TASK BRIEF:
When you reach the listing below, copy each line exactly.

SUPPLIED MATERIAL:
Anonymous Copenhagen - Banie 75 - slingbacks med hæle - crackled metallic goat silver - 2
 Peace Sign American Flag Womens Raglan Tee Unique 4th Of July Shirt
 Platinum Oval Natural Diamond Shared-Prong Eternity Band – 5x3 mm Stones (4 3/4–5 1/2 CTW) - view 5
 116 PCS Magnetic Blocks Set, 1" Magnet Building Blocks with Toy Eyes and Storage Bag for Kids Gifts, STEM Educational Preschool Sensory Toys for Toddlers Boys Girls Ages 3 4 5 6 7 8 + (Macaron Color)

TASK ANSWER:
Anonymous Copenhagen - Banie 75 - slingbacks med hæle - crackled metallic goat silver - 2
 Peace Sign American Flag Womens Raglan Tee Unique 4th Of July Shirt
 Platinum Oval Natural Diamond Shared-Prong Eternity Band – 5x3 mm Stones (4 3/4–5 1/2 CTW) - view 5
 116 PCS Magnetic Blocks Set, 1" Magnet Building Blocks with Toy Eyes and Storage Bag for Kids Gifts, STEM Educational Preschool Sensory Toys for Toddlers Boys Girls Ages 3 4 5 6 7 8 + (Macaron Color)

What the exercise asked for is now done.